For this exercise, write out only the lines of the entries below from the one with "Guys Tattoo Ideas" up to and including the one with "Aquazzura Optic 105 Sandals In Brown", exactly as they are. Pictures stay out.

→ **Dataset**

================

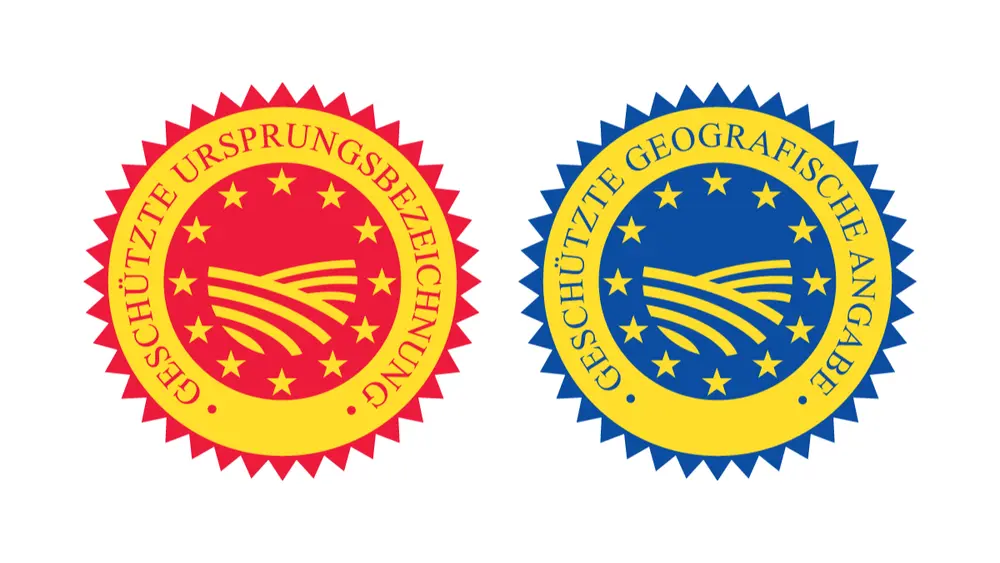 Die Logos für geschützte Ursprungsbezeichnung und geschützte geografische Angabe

================

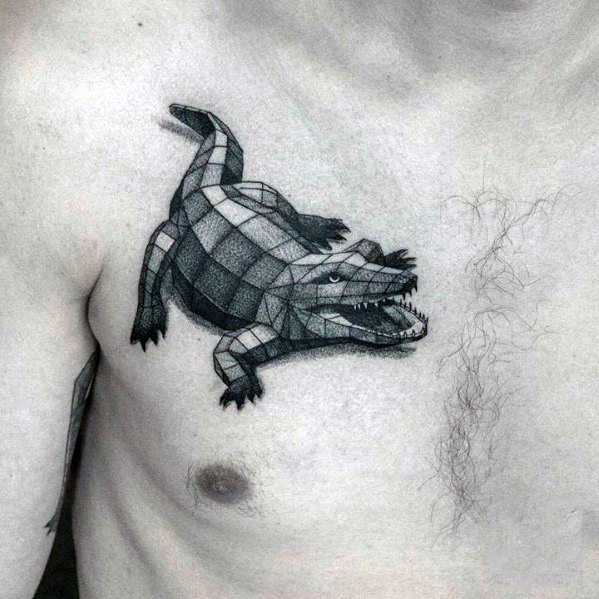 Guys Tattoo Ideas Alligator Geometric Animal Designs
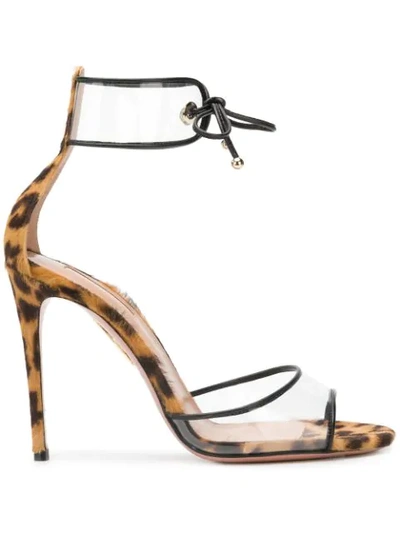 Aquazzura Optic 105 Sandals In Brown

================

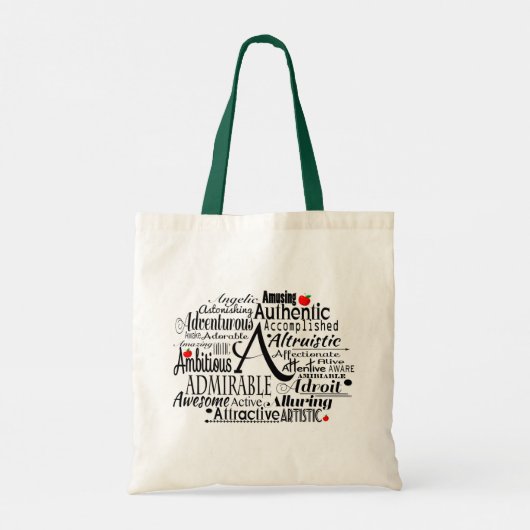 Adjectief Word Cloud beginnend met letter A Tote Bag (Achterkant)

================

→ **Exercise response**
 Guys Tattoo Ideas Alligator Geometric Animal Designs
 Aquazzura Optic 105 Sandals In Brown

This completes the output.